Resistance spot welding is a process used by a number of industries to join together two or more metal workpieces. The automotive industry, for example, often uses resistance spot welding to join together pre-fabricated metal workpieces during the manufacture of a vehicle door, hood, trunk lid, or lift gate, among others. A number of spot welds are typically formed along a peripheral edge of the metal workpieces or some other bonding region to ensure the part is structurally sound. While spot welding has typically been practiced to join together certain similarly-composed metal workpieces—such as steel-to-steel and aluminum alloy-to-aluminum alloy—the desire to incorporate lighter weight materials into a vehicle body structure has generated interest in joining steel workpieces to aluminum or aluminum alloy (hereafter collectively referred to as “aluminum” for brevity) workpieces by resistance spot welding.
Resistance spot welding, in general, relies on the resistance to the flow of an electrical current through contacting metal workpieces and across their faying interface to generate heat. To carry out such a welding process, a pair of opposed spot welding electrodes are typically clamped at diametrically aligned spots on opposite sides of the workpieces at a predetermined weld site. An electrical current is then passed through the metal workpieces from one electrode to the other. Resistance to the flow of this electrical current generates heat within the metal workpieces and at their faying interface. When the metal workpieces being welded are a steel workpiece and an aluminum workpiece, the heat generated at the faying interface initiates a molten weld pool in the aluminum alloy workpiece. This molten aluminum alloy weld pool wets the adjacent surface of the steel workpiece and, upon stoppage of the current flow, solidifies into a weld joint. After the spot welding process has been completed, the welding electrodes are retracted from their respective workpiece surfaces, and the spot welding process is repeated at another weld site.
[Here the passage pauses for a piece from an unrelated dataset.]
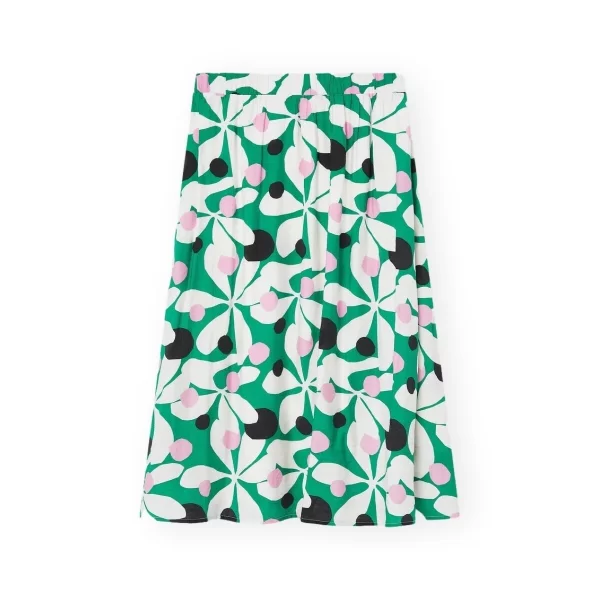 Compania Fantastica Κοντές Φούστες Compania Fantastica COMPAÑIA FANTÁSTICA Skirt 11012 - Flowers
Spot welding a steel workpiece to an aluminum workpiece presents some challenges. These two types of metals have several considerable dissimilarities that tend to disrupt the welding process. For one, steel has a relatively high melting point (˜1500° C.) and a relatively high resistivity, while aluminum has a relatively low melting point (˜600° C.) and a relatively low resistivity. As a result of these physical differences, aluminum melts more quickly and at a much lower temperature than steel during current flow. Aluminum also cools down more quickly than steel after current flow has been terminated. Thus, immediately after the welding current stops, a situation occurs where heat is sustained in the steel workpiece and ultimately conducted through the aluminum workpiece towards the electrode on the aluminum workpiece side. A sustained elevated temperature in the steel workpiece and the development of steep thermal gradients between the two workpieces is conducive to the growth of brittle Fe—Al intermetallic compounds at the faying interface. Fe—Al intermetallic compounds, in turn, can reduce the strength and ductility of the weld joint if their growth is excessive.
Another notable dissimilarity between the two metals is that aluminum contains one or more refractory oxide layers (hereafter collectively referred to as a single oxide layer for brevity) on its surface that are created during mill operations (e.g., annealing, solution treatment, casting, etc.) and environmental exposure. This oxide layer, which is composed primarily of aluminum oxides, is electrically insulating, mechanically tough, and self-healing in air. Such characteristics are not conducive to the mechanics of spot welding a steel workpiece to an aluminum workpiece. Specifically, the surface oxide layer raises the electrical contact resistance of an aluminum workpiece—namely, at its faying surface and electrode/workpiece contact interface—thus causing excessive heat to be generated at those interfaces making it difficult to effectively concentrate heat within the aluminum workpiece. The mechanical toughness of the surface oxide layer also inhibits wetting of the steel workpiece. Moreover, the problems posed by the refractory oxide layer on the surface of the aluminum workpiece are further complicated by the fact that the oxide layer can self-heal or regenerate if breached in the presence of oxygen.